**Directions**
Search the listing below for the line containing "Il progetto pedagogico". From there through the line containing "E-Commerce Website Optimization, Dan", transcribe every line exactly, both ends included.
======== Records to process ========
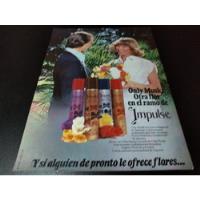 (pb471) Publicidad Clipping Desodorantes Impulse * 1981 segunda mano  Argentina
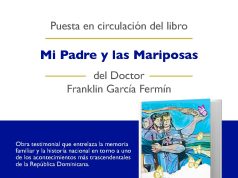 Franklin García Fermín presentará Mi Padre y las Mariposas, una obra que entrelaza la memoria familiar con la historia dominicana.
========
======== Records to process ========
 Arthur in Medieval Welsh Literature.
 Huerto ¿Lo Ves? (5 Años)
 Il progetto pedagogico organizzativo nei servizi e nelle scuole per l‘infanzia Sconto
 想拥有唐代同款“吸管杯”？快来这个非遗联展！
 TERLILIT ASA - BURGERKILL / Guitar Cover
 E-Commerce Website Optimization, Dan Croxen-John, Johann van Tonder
========
======== Records to process ========
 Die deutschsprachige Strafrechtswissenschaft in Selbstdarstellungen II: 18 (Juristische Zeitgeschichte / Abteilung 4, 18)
========
**Written response**
 Il progetto pedagogico organizzativo nei servizi e nelle scuole per l‘infanzia Sconto
 想拥有唐代同款“吸管杯”？快来这个非遗联展！
 TERLILIT ASA - BURGERKILL / Guitar Cover
 E-Commerce Website Optimization, Dan Croxen-John, Johann van Tonder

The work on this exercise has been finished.